WHAT YOU WILL DO:
Return the listing below in full, with every line exactly as it is.

MATERIAL PROVIDED:
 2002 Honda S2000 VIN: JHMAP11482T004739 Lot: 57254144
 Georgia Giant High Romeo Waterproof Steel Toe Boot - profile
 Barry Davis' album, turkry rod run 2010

EXERCISE RESPONSE:
 2002 Honda S2000 VIN: JHMAP11482T004739 Lot: 57254144
 Georgia Giant High Romeo Waterproof Steel Toe Boot - profile
 Barry Davis' album, turkry rod run 2010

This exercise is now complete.